Ultimately, “it was a scene everybody talked about, because it was very sexy. We were happy to be in a scene that was a pop culture moment,” she said.
The brand prides itself on the growth it’s earned via those organic moments. Along with “And Just Like That” and Kardashian West’s Instagram Stories, it’s also made a cameo on “Jimmy Kimmel Live.” On the September 2021 episode, Jennifer Aniston talked about temporarily misplacing her Oura Ring while tossing a salad. “This is ruining my life, because I’m so obsessed with the Oura Ring and looking at my sleep patterns and how badly I sleep, and it shames me every day,” Aniston said of the ring, which Kimmel, in fact, introduced her to.
“That’s just two friends talking about, like, geeking out about their love of this product and the fact that they’re addicted to their sleep scores.

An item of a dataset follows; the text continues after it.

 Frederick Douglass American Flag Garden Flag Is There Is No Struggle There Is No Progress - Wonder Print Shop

You can’t manufacture that,” said Kogan.
All of these cultural moments have led to major success on social media, as well. According to Tribe Dynamics, which measures earned media value (EMV), “Oura netted $10.7 million in EMV in 2021, a 282% year-over-year surge. Tribe linked that growth to Oura’s 100% increase in influencer community size, to 689 content creators, and 196% boost in content volume, to 3.1k posts.

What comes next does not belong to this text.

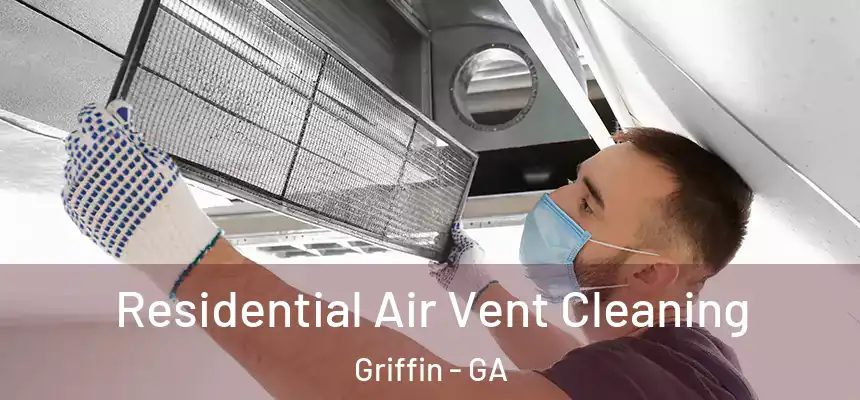  Residential Air Vent Cleaning Griffin - GA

Oura recently released a new version of its hallmark product, which it labeled the Gen 3, in November 2021 — it received mixed reviews from The New York Times. Added features include the ability to measure daytime heart rate, which the brand said was the most requested feature from Gen 2 users. Now, green LEDs monitor a user’s heart rate 24/7. It also features a new period prediction feature, which, according to the brand’s press materials, “accurately predicts your next period 30 days in advance and alerts you 6 days before it starts,” based on the body’s natural temperature changes throughout the menstrual cycle.
The brand plans to continue growing organically. “We’re not actively reaching out, like, ‘Whose fingers can we put rings on?’ It’s really not like that,” Kogan said.